Pienso en las palabras de Adriana mientras un hombre me llama “machorra” en un un comentario vía web por declarar que no deseo tener hijos ni tampoco contraer matrimonio. Lo pienso, cuando alguien más opina que quizás debería moderar mis opiniones y hacerlas más “femeninas” para evitar debates insustanciales. Más tarde lo recordaré cuando una amiga se lamente que a pesar de sus esfuerzos, continúa obteniendo una fracción del salario de su contraparte masculino con quien comparte funciones. Cuando lea las preocupantes noticias sobre ablaciones masivas consideradas religiosas y culturalmente aceptables en varios países africanos. Cuando leo de nuevo a alguien ponderar sobre la “culpabilidad” de la mujer que sufre una violación.

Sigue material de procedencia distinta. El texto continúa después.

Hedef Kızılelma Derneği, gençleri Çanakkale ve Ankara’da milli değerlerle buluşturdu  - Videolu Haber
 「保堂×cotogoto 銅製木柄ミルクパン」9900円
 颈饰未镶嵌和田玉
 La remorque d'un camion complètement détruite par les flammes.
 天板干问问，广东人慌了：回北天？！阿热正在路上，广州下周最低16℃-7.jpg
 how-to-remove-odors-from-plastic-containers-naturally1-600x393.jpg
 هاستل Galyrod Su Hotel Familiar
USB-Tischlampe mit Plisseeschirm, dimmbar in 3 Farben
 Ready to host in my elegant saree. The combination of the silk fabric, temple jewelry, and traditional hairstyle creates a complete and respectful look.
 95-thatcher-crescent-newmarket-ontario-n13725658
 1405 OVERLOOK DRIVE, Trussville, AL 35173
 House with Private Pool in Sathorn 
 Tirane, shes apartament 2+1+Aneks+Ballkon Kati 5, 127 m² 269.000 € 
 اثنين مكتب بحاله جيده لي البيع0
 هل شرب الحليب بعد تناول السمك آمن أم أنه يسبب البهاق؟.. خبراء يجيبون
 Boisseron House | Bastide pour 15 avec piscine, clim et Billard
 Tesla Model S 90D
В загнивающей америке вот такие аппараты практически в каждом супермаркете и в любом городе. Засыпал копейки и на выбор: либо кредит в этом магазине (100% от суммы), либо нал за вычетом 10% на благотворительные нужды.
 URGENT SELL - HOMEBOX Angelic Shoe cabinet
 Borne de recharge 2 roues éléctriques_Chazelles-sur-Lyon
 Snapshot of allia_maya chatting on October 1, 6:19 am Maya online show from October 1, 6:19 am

Me preocupa sus implicaciones, cuando encuentro de nuevo el artículo sobre las diez Heroínas populares que menosprecian el feminismo, esta vez compartido por un hombre joven, padre de una niña de pocos años. Y pienso en el hecho que quizás esa niña — a quien he visto crecer a través de la fotografía de su padre — deberá enfrentarse a un mundo donde la reivindicación de género esté sometida a lo idoneidad de la cultura inmediata, al hecho insistente y sobre todo preocupante, de asumir que la inclusión de género debe encajar en cierta postura flexible y agradable.
Nada de enfrentamientos y contradicciones. Nada de debatir posturas rígidas y absolutas. ¿Cuánto podrá afectarle eso? Una lamentable carencia de esa percepción de la comprensión el feminismo como una idea que se fundamenta en un cambio social y también cultural. Espero que su padre lo sepa, como yo también lo sé.